I found your article “Why labels are a dead end, not a short cut” (Professional, 1 November) to be an interesting read. While I agree that the combination and severity of learning difficulties for each special educational needs student differs, I think that Garry Freeman neglected to address the elephant in the room: that many teachers are failing to recognise students’ needs at all, never mind grouping them under one umbrella.

As a chartered psychologist, I have seen hundreds of unlawful statements of SEN, usually because only one area of need is identified and often this is downplayed in order to conveniently match a local mainstream school’s provision. As Mr Freeman says, labels become a dead end when they divert a student from the classroom and become an excuse for underachievement. They only become useful when they trigger assessment that leads to the needs-based strategy he proposes.

While all this exposes a fatal flaw in the system, I have recently witnessed a more worrying trend, whereby students with obvious learning difficulties are being labelled “naughty” and treated as such, alienating them from the provision they so desperately need. In the new SEN code of practice, it would therefore seem to be essential to prescribe an assessment of cognitive ability as well as of achievement to correctly inform provision.

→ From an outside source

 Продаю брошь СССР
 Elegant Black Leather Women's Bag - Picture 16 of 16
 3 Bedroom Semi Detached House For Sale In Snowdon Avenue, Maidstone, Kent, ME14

Mr Freeman’s statement that “labels do more harm than good” because “they tend to provide a justification or excuse for a student’s failure to reach targets” may be true to a certain degree, but as an expert in the field of dyslexia with more than 35 years’ experience, I feel that there are far more pressing issues to address in the minefield that is SEN - starting with the unacceptable ignorance displayed by many mainstream schools.

Dr E Neville Brown, Principal of Maple Hayes Hall dyslexia school, Lichfield.